El horizonte se funde en un resplandor caliente
El horizonte siempre sería nuestra certeza, nuestra constante, vieras hacia donde vieras ahí estaría firme y sereno, el horizonte.
Nos entretenemos estudiando las diferencias, los límites: ¿dónde termina el mar?, ¿dónde inicia el cielo?, ¿terminan ambos en algún lugar o son infinitos?
¿Qué son los finales?, ¿qué son los inicios?
Si nosotros habláramos, si entendiéramos de palabras, tal vez diríamos que esas palabras no nos dicen nada, que esas son palabras humanas. Pero los humanos nos han enseñado a mirar con atención los finales, a advertirlos. A veces cuando la luz brilla más y cuando el cielo desprende los colores más hermosos, se tratan solo de avisos.

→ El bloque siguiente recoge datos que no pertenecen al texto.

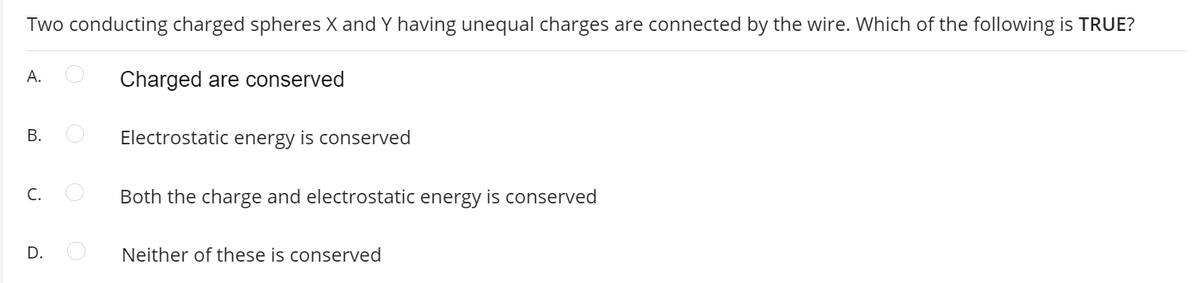 Two conducting charged spheres X and Y having unequal charges are connected by the wire. Which of the following is TRUE?
A.
Charged are conserved
Electrostatic energy is conserved
C.
Both the charge and electrostatic energy is conserved
D.
Neither of these is conserved
B.
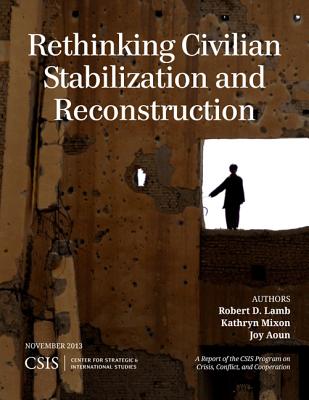 Rethinking Civilian Stabilization and Reconstruction - Lamb, Robert D, and Mixon, Kathryn, and Aoun, Joy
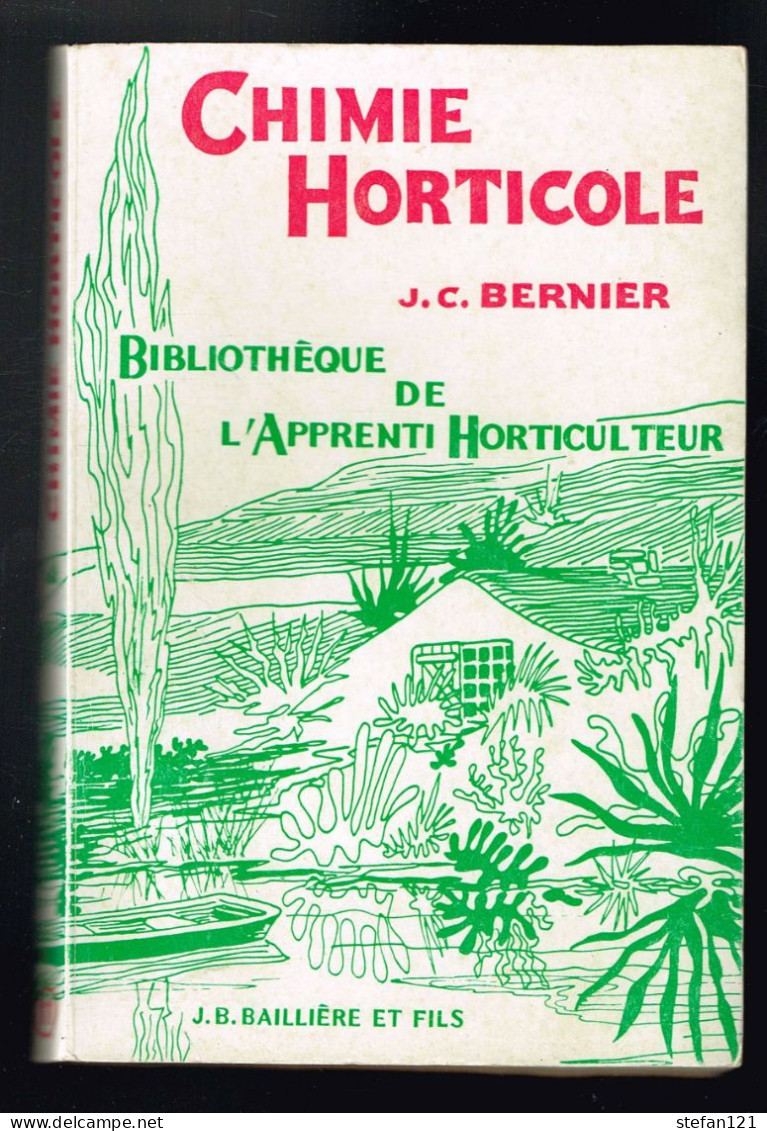 Chimie Horticole - Jean-Claude Bernier - 1963 - 204 Pages 19,7 X 13 Cm - 12-18 Ans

El día siempre es lleno de luz y la noche se inunda de oscuridad:
Unos volamos entre el sol y el mar, rozando el horizonte.
Otros rozamos el horizonte bajo los destellos de un sol que nos acarician a través del frío mar hacia la profundidad oscura.
A otros sólo nos gusta flotar.
A los humanos les gusta inventar artefactos: ponen cosas, quitan cosas; destruyen unas para crear otras. Los humanos se dedican a crear un mundo nuevo, un mundo con colores grises, cafés o negros; esos son sus colores favoritos. A nosotros nos gusta el viento, la calma y a veces el caos.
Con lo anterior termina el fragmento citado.